Leetcode 401-500
406. Queue Reconstruction by Height (Medium)¶
Suppose you have a random list of people standing in a queue. Each person is described by a pair of integers (h, k), where h is the height of the person and k is the number of people in front of this person who have a height greater than or equal to h. Write an algorithm to reconstruct the queue.
Input: [[7,0], [4,4], [7,1], [5,0], [6,1], [5,2]] Output: [[5,0], [7,0], [5,2], [6,1], [4,4], [7,1]]
思路
一开始对vector排序,然后再依次插入,这里有个技巧是从大到小插入,这样每次交换到pair.second地方即可
对上述例子,先排序成为
[7, 0] [7, 1] [6, 1] [5, 0] [5, 2] [4, 4]
然后result为空的vector,按顺序访问,每次将p插入到p.second位置上,原来这个位置及之后元素后移一位
vector<pair<int, int>> reconstructQueue(vector<pair<int, int>>& people) {
sort(people.begin(), people.end(), [](const pair<int, int>& a, const pair<int, int>& b)
bool { return (a.first > b.first) || (a.first == b.first && a.second < b.second);});
vector<pair<int, int> > result;
for (auto p : people) {
result.push_back(p);
for (int i = result.size() - 1; i > p.second; i --) swap(result[i], result[i-1]);
}
return result;
}
416. Partition Equal Subset Sum (Medium)¶
Given a non-empty array containing only positive integers, find if the array can be partitioned into two subsets such that the sum of elements in both subsets is equal. Note:
- Each of the array element will not exceed 100.
- The array size will not exceed 200.
思路一 DP
dp[i][j] 表示nums前i位能否组合成j
过程中看dp[k][sum/2]是否为true即可,时间为40ms(84.89%)

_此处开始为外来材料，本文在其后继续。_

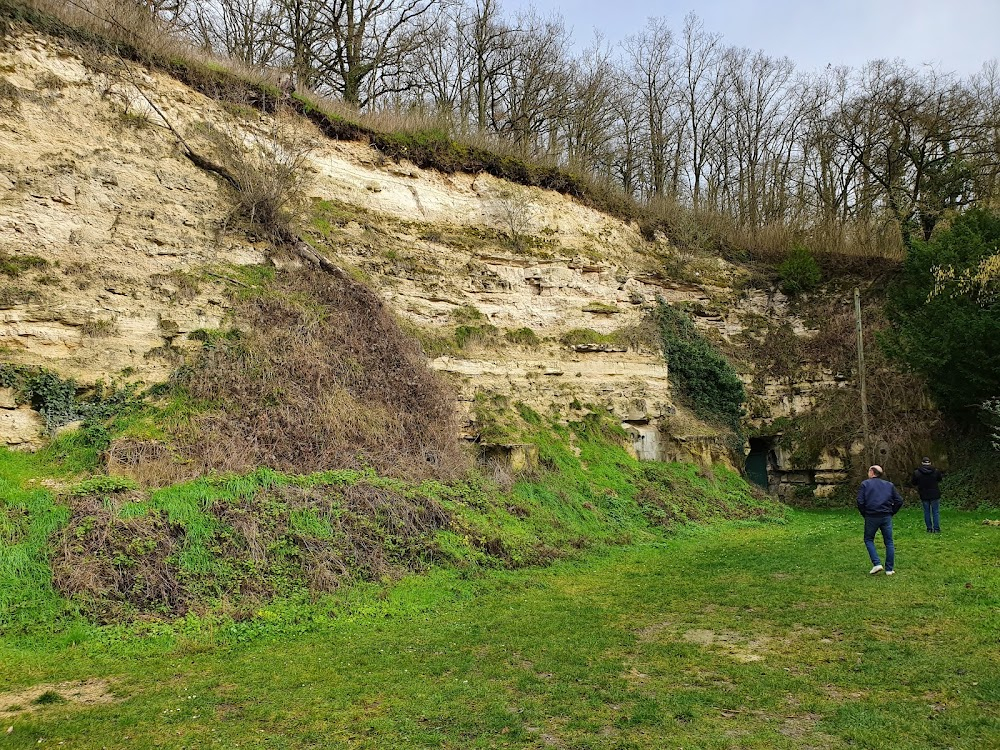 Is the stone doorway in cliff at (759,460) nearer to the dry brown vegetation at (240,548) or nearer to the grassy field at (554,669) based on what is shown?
the grassy field at (554,669)

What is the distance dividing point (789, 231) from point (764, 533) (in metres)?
14.7

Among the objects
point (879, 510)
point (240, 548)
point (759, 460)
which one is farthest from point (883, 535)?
point (759, 460)

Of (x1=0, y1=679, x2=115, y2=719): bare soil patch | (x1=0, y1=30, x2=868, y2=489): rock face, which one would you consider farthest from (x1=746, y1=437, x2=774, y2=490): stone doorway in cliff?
(x1=0, y1=679, x2=115, y2=719): bare soil patch

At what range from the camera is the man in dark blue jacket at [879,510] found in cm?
954

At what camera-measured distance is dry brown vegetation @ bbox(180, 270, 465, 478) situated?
10992mm

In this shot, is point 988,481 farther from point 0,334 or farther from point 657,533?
point 0,334

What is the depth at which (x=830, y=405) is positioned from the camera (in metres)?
21.5

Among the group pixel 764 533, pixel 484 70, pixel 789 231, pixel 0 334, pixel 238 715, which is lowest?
pixel 764 533

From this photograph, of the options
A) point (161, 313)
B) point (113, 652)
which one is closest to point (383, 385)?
point (161, 313)

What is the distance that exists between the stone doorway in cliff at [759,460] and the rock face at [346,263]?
0.66 metres

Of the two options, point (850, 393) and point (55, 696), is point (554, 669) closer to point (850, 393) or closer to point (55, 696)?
point (55, 696)

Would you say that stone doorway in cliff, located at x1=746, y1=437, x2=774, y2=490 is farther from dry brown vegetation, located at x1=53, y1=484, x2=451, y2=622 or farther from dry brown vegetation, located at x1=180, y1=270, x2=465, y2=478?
dry brown vegetation, located at x1=53, y1=484, x2=451, y2=622

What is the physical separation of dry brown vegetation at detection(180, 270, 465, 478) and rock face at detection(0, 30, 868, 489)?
0.87 metres

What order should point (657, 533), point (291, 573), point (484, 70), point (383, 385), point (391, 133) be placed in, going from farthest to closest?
point (484, 70), point (391, 133), point (657, 533), point (383, 385), point (291, 573) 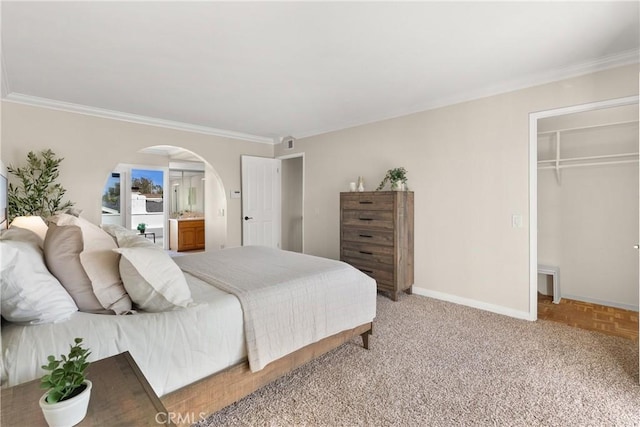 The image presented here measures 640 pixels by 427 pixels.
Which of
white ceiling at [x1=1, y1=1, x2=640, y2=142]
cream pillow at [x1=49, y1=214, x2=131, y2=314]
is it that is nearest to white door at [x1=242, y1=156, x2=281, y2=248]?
white ceiling at [x1=1, y1=1, x2=640, y2=142]

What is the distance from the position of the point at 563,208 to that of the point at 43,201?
6.37m

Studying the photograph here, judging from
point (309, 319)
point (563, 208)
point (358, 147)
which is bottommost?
point (309, 319)

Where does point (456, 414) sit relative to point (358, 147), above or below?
below

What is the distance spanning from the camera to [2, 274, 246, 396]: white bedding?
1156 millimetres

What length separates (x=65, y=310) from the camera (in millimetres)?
1313

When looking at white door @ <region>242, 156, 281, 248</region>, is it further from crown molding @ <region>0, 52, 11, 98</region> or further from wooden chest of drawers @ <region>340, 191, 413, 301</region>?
crown molding @ <region>0, 52, 11, 98</region>

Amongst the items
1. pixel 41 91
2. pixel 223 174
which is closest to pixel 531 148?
pixel 223 174

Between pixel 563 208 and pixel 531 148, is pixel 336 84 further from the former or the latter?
pixel 563 208

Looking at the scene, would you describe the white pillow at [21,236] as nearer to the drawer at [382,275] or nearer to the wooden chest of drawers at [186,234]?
the drawer at [382,275]

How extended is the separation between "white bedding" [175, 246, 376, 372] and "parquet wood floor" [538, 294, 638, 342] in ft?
7.45

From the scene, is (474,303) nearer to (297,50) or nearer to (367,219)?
(367,219)

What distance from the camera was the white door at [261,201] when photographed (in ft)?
18.0

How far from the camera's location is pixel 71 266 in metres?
1.43

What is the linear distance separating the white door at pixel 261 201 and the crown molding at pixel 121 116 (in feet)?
1.45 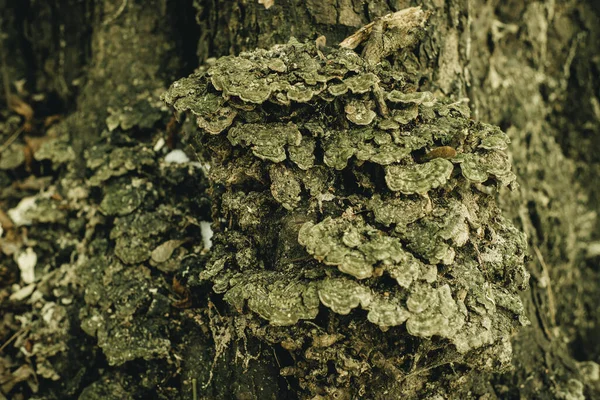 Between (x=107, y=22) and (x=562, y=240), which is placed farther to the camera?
(x=562, y=240)

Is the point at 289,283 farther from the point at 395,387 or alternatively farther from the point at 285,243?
the point at 395,387

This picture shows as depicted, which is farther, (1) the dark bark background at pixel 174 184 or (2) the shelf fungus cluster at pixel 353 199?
(1) the dark bark background at pixel 174 184

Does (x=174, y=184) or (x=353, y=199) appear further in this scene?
(x=174, y=184)

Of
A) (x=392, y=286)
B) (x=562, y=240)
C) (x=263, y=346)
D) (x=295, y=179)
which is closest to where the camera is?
(x=392, y=286)

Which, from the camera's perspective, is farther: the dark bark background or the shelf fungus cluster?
the dark bark background

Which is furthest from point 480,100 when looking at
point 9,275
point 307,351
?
point 9,275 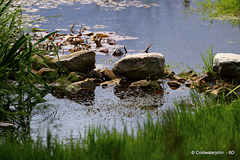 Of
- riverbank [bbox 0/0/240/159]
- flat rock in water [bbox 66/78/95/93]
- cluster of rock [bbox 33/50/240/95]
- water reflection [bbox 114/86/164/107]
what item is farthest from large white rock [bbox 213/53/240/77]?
flat rock in water [bbox 66/78/95/93]

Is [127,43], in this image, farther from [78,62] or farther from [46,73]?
[46,73]

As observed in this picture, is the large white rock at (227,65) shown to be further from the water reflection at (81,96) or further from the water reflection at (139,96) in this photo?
the water reflection at (81,96)

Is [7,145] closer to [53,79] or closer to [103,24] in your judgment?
[53,79]

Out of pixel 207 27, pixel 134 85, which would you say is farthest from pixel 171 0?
pixel 134 85

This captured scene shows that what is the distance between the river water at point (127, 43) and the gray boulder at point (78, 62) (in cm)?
47

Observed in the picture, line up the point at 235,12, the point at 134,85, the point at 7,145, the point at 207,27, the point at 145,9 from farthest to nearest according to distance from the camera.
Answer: the point at 145,9
the point at 235,12
the point at 207,27
the point at 134,85
the point at 7,145

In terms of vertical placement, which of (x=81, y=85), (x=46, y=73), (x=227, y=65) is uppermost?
(x=227, y=65)

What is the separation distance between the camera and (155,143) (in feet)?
8.89

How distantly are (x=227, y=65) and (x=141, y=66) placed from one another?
135 cm

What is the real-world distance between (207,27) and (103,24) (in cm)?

bool canPartition(vector<int>& nums) {
int sum = 0;
for (int num : nums) sum += num;
if (sum % 2) return false;
int n = nums.size();
bool **dp = new bool* [n];
for (int i = 0; i < n; i ++) dp[i] = new bool[sum/2+1]();
for (int i = 0; i < n; i ++) {
if (nums[i] <= sum/2) dp[i][nums[i]] = 1;
if (i == 0) continue;
for (int j = 1; j <= sum/2; j ++) {
if (dp[i-1][j]) {
dp[i][j] = 1;
if (j + nums[i] <= sum/2) dp[i][j+nums[i]] = 1;
}
}
if (dp[i][sum/2]) return true;
}
return false;
}
思路二 bitmap
因为sum/2不超过10000,因此可以用bitmap来做,每次将bits左移n位再与上原来的bitset,时间为 8ms(100%)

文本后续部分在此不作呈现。